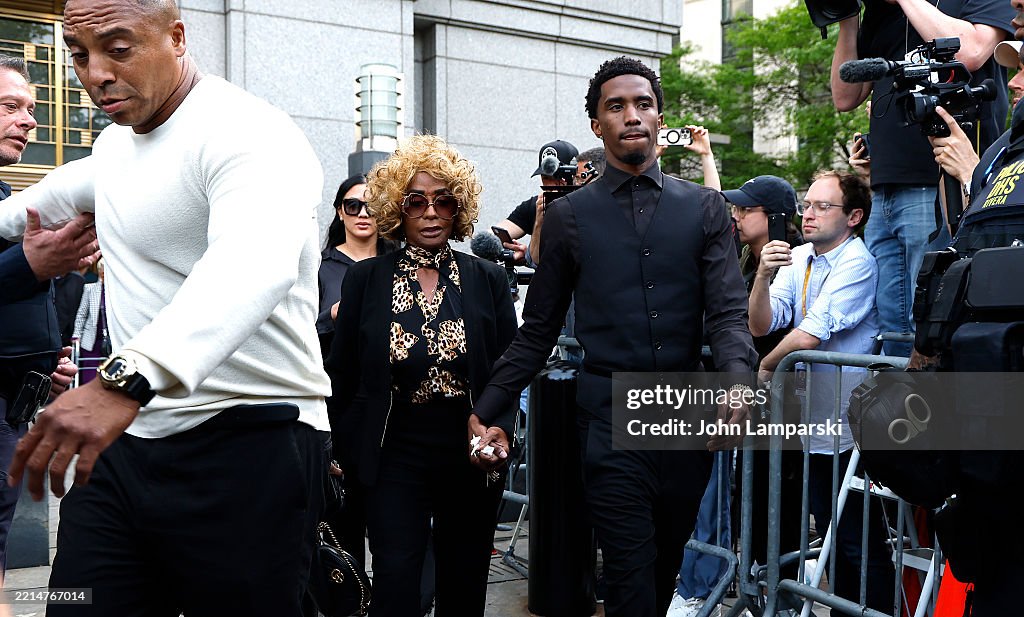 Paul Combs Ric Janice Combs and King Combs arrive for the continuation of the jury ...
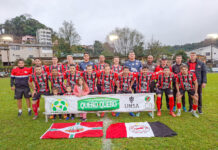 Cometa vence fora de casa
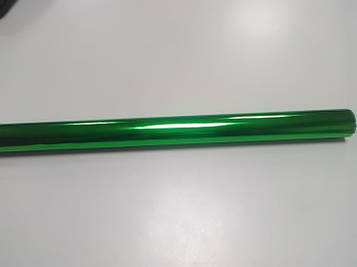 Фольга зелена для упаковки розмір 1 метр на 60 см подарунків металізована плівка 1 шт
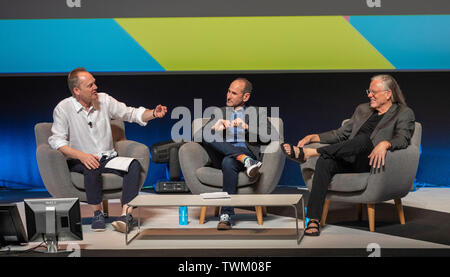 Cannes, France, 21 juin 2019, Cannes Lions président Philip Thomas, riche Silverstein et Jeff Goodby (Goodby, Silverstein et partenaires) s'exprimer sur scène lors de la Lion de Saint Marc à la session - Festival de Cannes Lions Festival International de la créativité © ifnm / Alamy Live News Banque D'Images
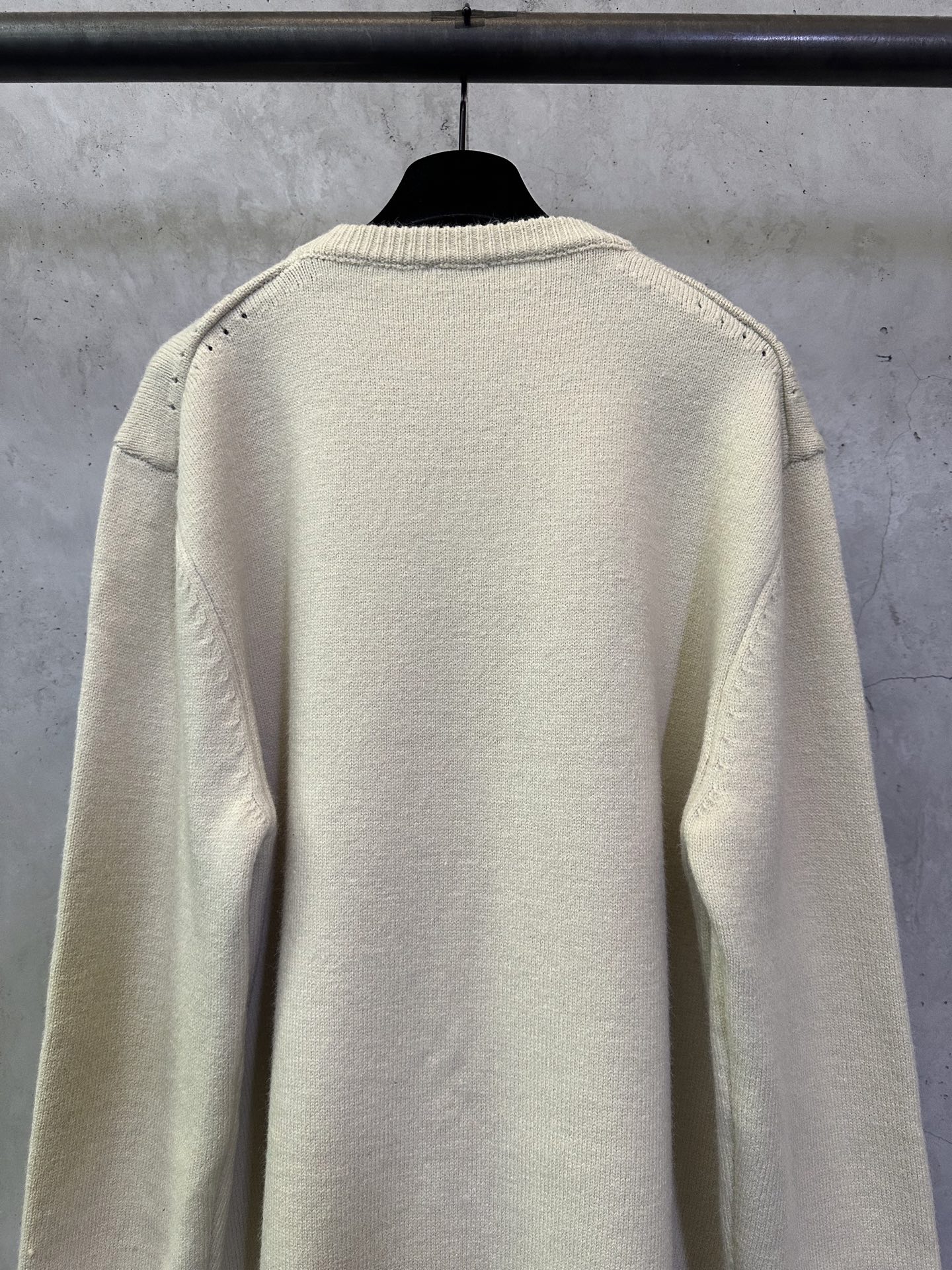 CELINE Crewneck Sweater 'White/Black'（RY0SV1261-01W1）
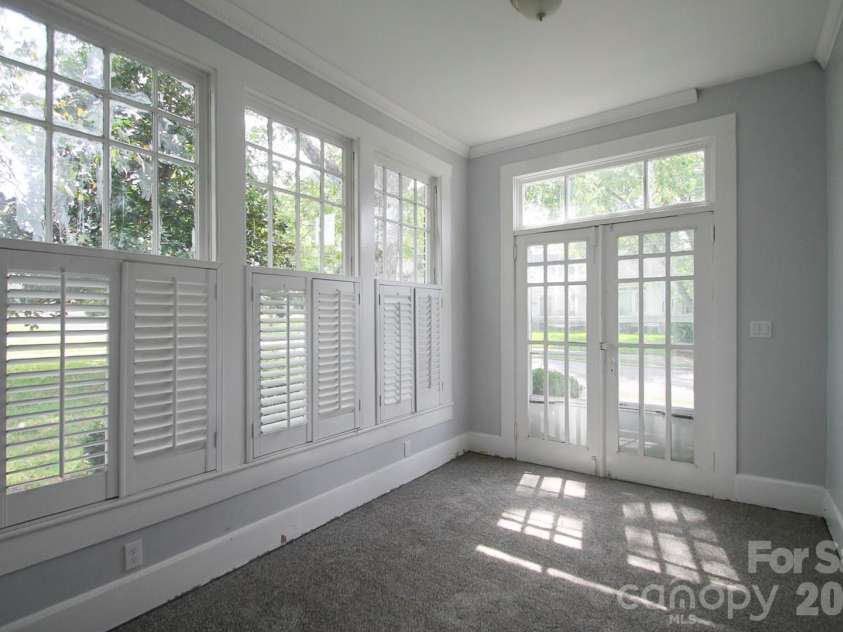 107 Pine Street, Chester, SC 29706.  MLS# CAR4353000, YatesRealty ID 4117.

* * *

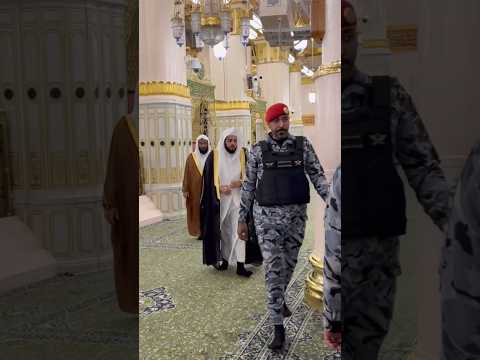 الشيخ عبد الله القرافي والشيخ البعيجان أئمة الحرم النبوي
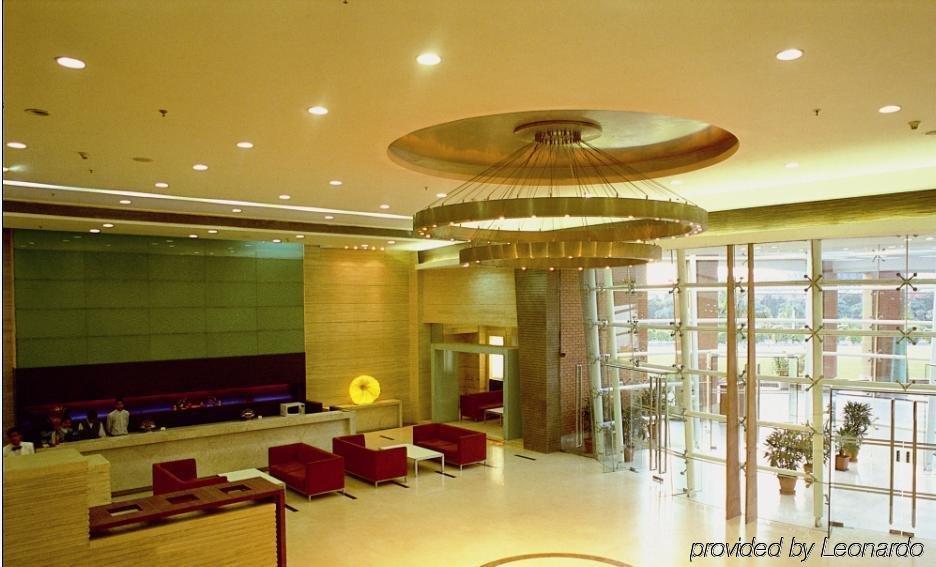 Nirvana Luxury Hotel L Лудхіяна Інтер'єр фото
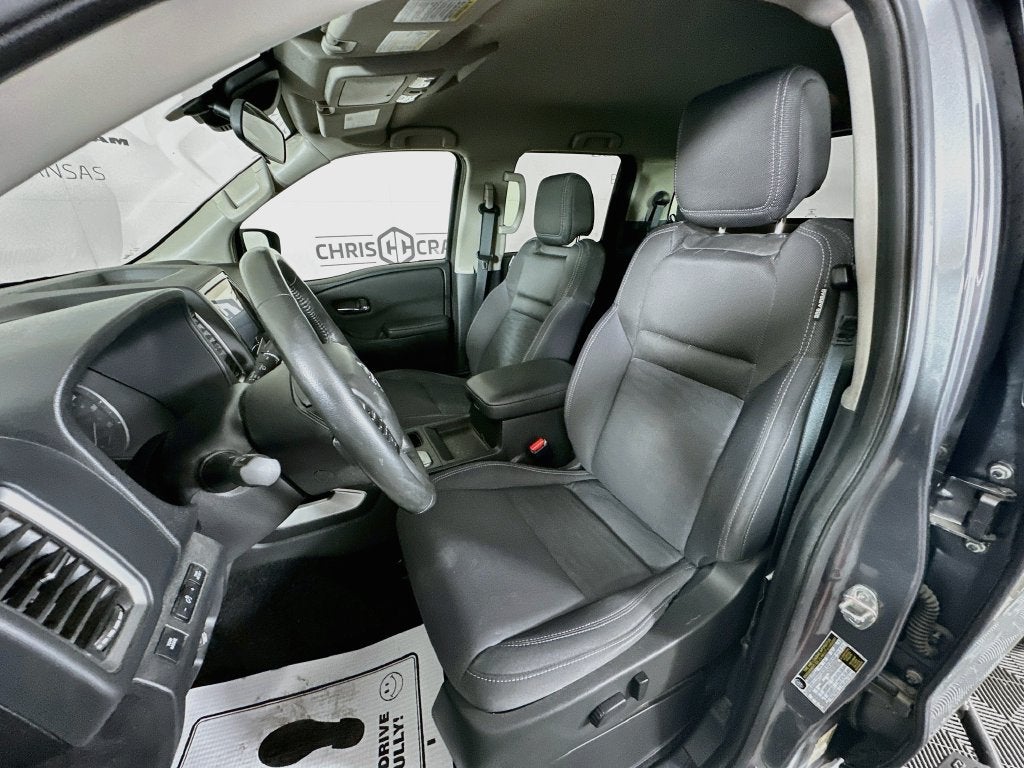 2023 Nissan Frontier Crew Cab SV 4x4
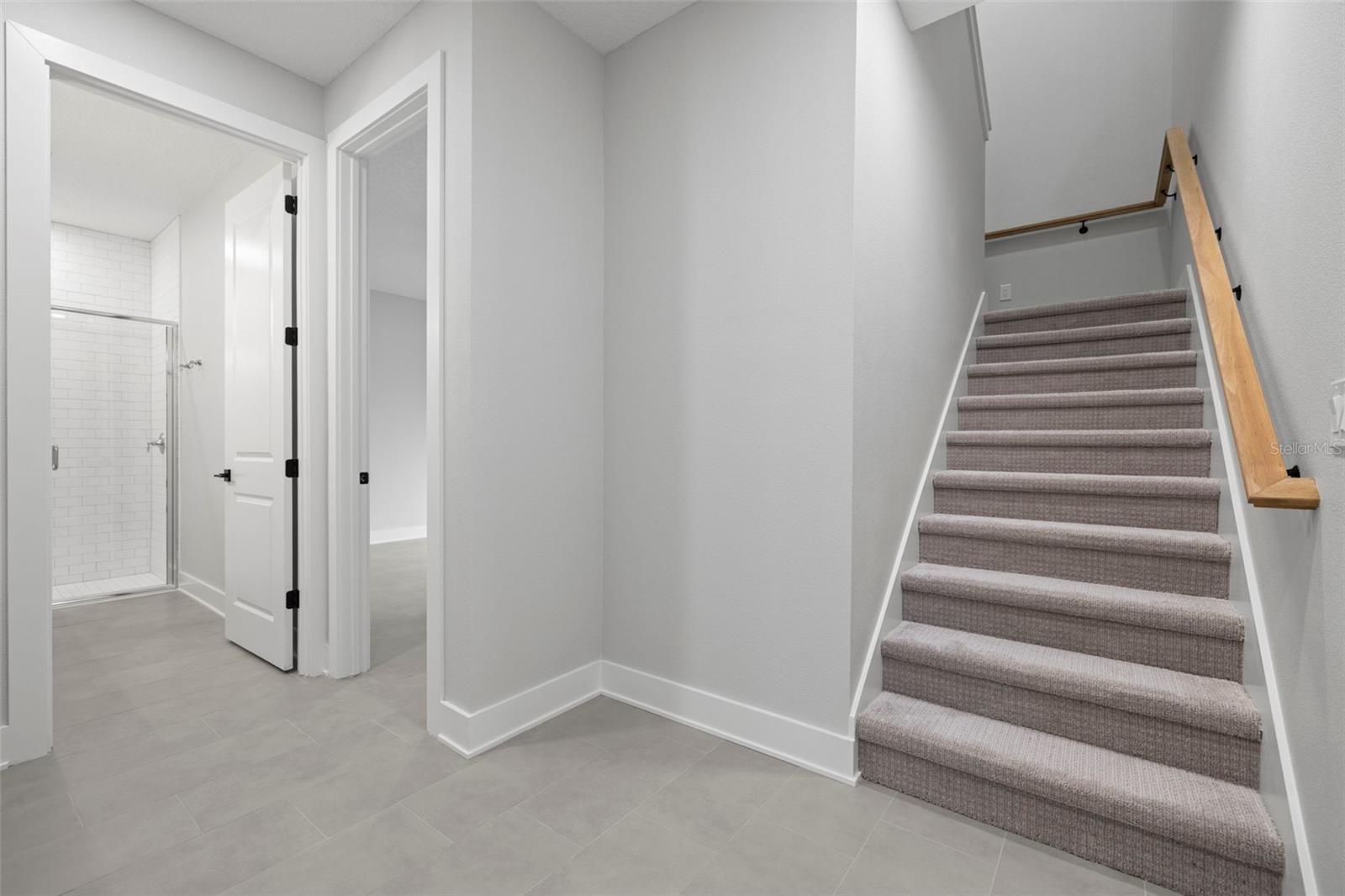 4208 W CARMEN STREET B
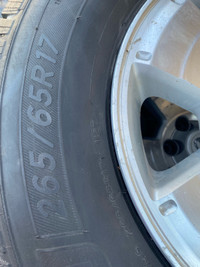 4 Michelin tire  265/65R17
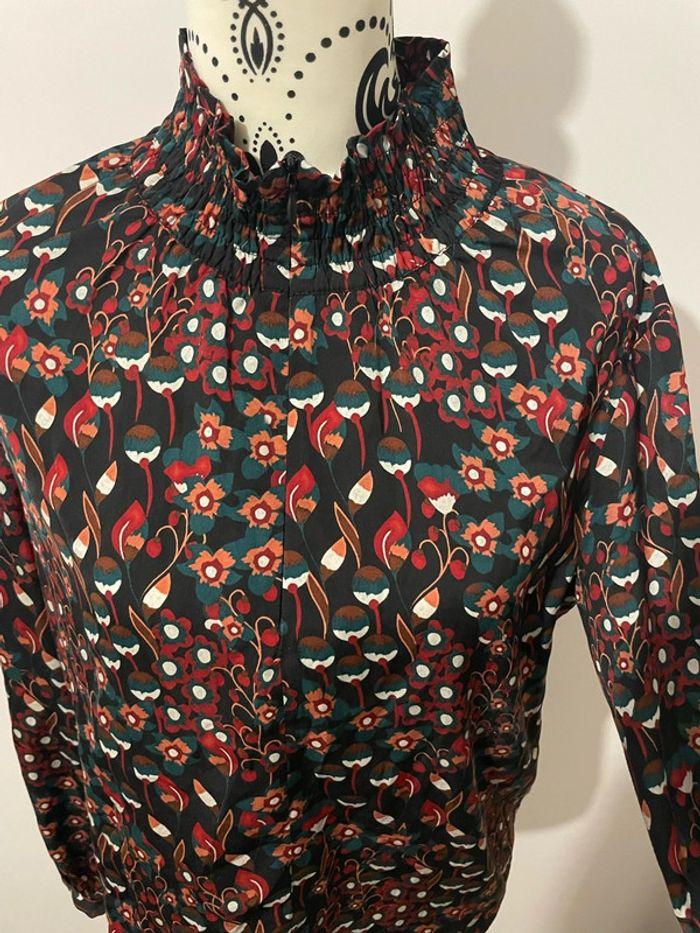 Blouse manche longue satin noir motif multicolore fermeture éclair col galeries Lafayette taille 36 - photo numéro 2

Your goal
Reproduce, exactly and only, the lines of the records above starting at the line with "4208 W CARMEN STREET B" and ending at the line with "Blouse manche longue", both included. Leave every picture out.

Answer to the exercise
 4208 W CARMEN STREET B
 4 Michelin tire  265/65R17
 Blouse manche longue satin noir motif multicolore fermeture éclair col galeries Lafayette taille 36 - photo numéro 2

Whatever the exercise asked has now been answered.